RECORDS SHOWN
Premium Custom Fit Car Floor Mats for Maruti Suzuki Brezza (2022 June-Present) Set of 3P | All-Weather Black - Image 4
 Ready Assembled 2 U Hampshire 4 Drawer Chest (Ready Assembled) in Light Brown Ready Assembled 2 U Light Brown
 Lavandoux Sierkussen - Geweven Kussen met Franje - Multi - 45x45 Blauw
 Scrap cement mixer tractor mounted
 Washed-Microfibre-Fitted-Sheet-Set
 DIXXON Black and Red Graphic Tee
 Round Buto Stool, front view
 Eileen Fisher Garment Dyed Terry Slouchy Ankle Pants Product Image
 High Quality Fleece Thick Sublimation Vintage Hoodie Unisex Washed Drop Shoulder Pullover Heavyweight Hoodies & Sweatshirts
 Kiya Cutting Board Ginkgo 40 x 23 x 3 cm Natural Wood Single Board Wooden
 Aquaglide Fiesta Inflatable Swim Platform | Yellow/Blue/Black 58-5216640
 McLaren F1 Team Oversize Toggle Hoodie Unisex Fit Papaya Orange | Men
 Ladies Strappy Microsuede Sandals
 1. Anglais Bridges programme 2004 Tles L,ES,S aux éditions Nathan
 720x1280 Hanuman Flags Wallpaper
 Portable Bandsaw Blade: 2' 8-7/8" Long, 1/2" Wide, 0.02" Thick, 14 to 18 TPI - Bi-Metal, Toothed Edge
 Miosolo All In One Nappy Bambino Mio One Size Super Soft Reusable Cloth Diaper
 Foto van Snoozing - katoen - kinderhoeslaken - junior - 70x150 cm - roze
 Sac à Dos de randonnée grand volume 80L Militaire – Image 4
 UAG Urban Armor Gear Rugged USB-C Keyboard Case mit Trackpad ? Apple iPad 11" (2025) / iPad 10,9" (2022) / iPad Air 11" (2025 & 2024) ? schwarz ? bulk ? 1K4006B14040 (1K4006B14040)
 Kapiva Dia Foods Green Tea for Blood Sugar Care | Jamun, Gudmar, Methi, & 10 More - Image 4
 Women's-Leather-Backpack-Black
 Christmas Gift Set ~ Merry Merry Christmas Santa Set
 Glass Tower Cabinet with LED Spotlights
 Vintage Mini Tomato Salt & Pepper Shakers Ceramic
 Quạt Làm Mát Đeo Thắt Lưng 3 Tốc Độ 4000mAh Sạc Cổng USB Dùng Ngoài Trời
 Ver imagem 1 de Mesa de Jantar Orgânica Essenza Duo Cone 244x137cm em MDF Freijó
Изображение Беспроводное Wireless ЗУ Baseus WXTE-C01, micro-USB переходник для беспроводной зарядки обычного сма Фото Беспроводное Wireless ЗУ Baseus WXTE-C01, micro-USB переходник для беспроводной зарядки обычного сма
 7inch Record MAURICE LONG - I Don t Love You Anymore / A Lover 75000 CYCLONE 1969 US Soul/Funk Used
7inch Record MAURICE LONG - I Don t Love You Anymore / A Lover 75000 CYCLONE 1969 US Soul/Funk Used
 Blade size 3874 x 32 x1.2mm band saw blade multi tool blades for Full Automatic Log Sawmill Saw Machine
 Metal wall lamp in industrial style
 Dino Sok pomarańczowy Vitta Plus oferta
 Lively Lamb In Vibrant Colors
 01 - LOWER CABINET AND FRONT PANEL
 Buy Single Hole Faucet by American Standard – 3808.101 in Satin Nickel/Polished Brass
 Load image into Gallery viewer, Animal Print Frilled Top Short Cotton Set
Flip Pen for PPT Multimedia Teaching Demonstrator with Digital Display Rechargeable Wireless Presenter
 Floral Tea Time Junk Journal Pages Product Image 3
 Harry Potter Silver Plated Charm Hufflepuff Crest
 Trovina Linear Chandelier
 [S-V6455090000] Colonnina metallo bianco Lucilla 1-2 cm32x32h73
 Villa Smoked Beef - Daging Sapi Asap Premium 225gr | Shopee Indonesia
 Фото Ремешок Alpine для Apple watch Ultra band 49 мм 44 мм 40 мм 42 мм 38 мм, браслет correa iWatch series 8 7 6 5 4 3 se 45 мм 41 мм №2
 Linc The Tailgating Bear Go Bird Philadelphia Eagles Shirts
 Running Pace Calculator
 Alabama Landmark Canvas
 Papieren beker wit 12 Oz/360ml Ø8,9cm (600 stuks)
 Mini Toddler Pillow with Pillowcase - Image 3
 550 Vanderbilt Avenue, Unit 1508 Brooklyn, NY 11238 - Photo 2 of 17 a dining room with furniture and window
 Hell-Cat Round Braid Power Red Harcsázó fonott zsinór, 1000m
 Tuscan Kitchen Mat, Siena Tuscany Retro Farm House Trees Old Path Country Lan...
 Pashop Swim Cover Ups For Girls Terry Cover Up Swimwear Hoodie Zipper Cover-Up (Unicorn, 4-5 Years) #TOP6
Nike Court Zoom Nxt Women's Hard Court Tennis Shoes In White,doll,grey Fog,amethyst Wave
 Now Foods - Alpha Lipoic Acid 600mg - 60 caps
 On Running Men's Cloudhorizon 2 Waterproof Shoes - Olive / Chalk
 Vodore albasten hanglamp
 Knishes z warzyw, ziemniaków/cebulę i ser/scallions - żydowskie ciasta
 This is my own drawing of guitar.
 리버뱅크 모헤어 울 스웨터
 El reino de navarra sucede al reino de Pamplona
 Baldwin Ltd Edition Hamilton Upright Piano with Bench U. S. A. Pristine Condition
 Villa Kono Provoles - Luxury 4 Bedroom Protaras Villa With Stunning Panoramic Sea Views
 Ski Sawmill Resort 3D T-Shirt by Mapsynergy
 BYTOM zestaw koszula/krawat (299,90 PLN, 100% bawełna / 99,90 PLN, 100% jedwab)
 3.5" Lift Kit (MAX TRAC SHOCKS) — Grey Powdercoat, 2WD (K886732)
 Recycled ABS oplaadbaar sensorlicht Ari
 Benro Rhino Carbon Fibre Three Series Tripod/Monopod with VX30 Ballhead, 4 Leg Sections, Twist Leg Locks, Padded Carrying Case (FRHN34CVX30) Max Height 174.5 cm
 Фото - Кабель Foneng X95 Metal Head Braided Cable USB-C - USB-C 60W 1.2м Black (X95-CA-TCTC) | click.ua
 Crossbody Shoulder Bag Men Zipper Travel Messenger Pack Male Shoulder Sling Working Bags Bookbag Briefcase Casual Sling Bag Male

YOUR GOAL
Provide the count of lines in the data above that include the word "Фото", with no added text.

OUTPUT
3